Ernis : Trouver une édition, c’est déjà la misère, trouver une édition qui ne vous demande pas de l’argent, c’est un combat sans fin. Heureusement, il existe des éditions locales qui font du chemin, qui sont à la tâche, qui ont besoin du soutien du Gouvernement pour mieux se déployer. Je pense ici 2 Élite d’Afrique Éditions.

BL : Quelles solutions avanceriez-vous pour pallier ces difficultés ?

Ernis :Notre pays est orphelin d’édition. Il nous faut des éditeurs locaux capables d’accompagner les auteurs de la rédaction de son manuscrit, à son impression jusqu’à sa distribution. Voilà le rôle d’un bon éditeur qui est un maillon incontournable dans le monde du livre.

BL :  Vous avez d’autres projets en cours certainement. Et si vous en disiez un mot au lectorat ?

Ernis : Mon seul projet en cours, offrir un poème, chaque fois que l’occasion se présente.

BL : Comment êtes-vous perçue dans votre entourage en tant que femme de lettres ?

Ernis : Oui, même comme cela implique la lourde tâche de rester humble. Rires! Ce n’est pas facile de rester lucide quand tout le monde vous acclame. La seule façon de s’en sortir, c’est de ne jamais perdre de nord, rester sincère.

BL :  Quelques femmes à statut particulier vous inspirent-elles dans votre projet littéraire ? Si oui, qui sont-elles et qu’aimez-vous concrètement chez elles ?

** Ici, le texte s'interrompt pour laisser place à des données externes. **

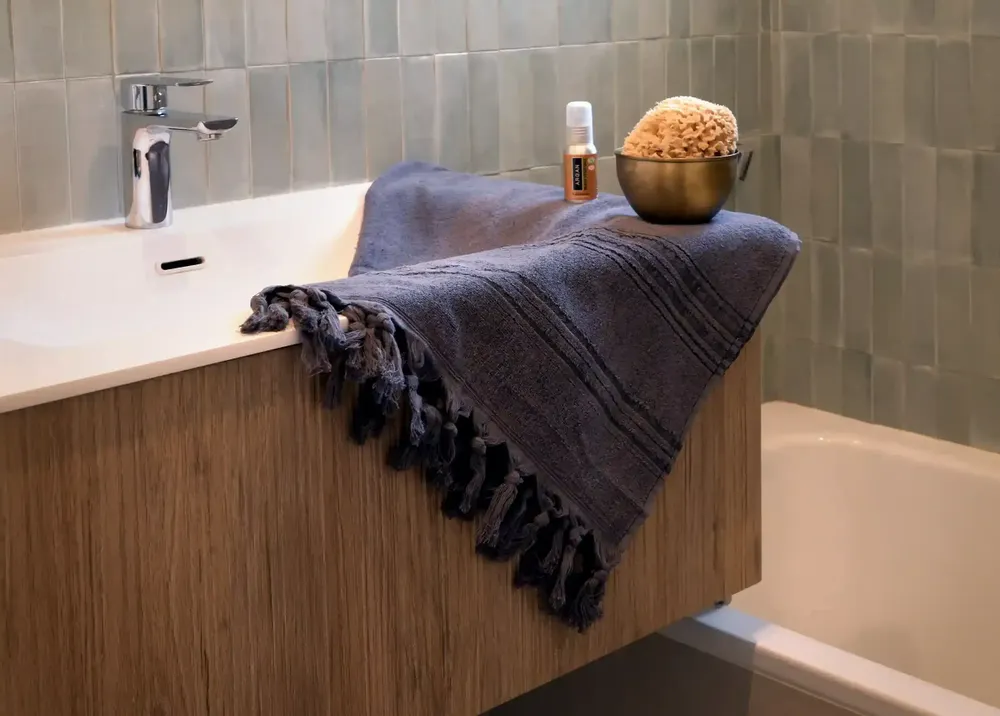 Serviettes de bain - FOUTA EN COTON BIOLOGIQUE - COLLECTION DOLCE - COULEUR ONYX - KARAWAN AUTHENTIC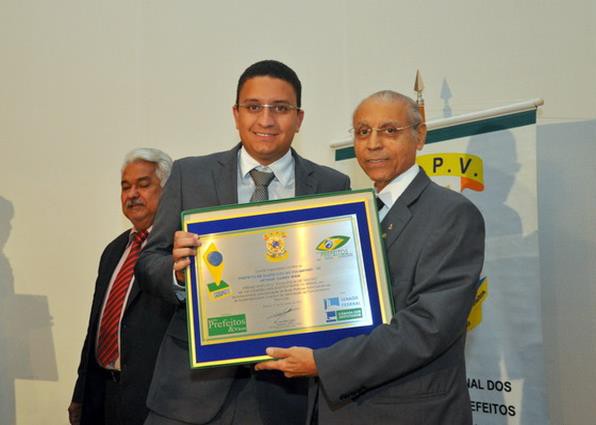 Prefeito recebe prêmio por destaque em gestão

Ernis : Hemley Boum, Romancière, auteure de  » Le Clan des femmes », « Si d’aimer… » »Les Maquisards » entre autres. Hemley, c’est la mère. Rien d’autre à dire. Je suis tombée amoureuse de son écriture il y a des années. Kah Walla, femme politique Camerounaise, je suis assez séduite par sa détermination et son travail acharné par toujours reconnu. Elle avance au milieu des loups féroces, mais rien de la décourage. Eveline Fopa, ma mère. Elle a mis au monde le volcan que je suis. Il n’y avait qu’elle pour le faire. Elle et moi sommes nées le 28 Avril. Joyeux anniversaire Ève.

BL : Quelques conseils à l’endroit des jeunes qui aspirent à l’écriture ?

Ernis : Foncez! N’ayez pas peur de raturer. Écrivez votre coeur, vos rêves, vos folies.

BL :  Où et comment peut-on se procurer votre livre ?

Ernis : A Dschang, lac municipal, siège d’ELITE D ‘AFRIQUE ÉDITION.

À Douala en écrivant à ce numéro sur WhatsApp +237 693688896.

À Yaoundé, à la Librairie des Peuples Noirs

BL :  Vos jeux de divertissement

Ernis : Football

BL :  Votre plat préféré

Ernis : Taro sauce Jaune

BL :  Votre mot de la fin

Ernis :

 Quand tout semble sombre,

Recrée-toi avec un peu de poésie.

N’oublie pas,

L’excès,

L’excès de mots

C’est tout

Ce qu’il faut

À ta vie.

Ton bonheur en dépend.

 

2 comments

Amen, Ernis. Et merci d’être des nôtres. Revenez-nous chaque fois, toutes les fois.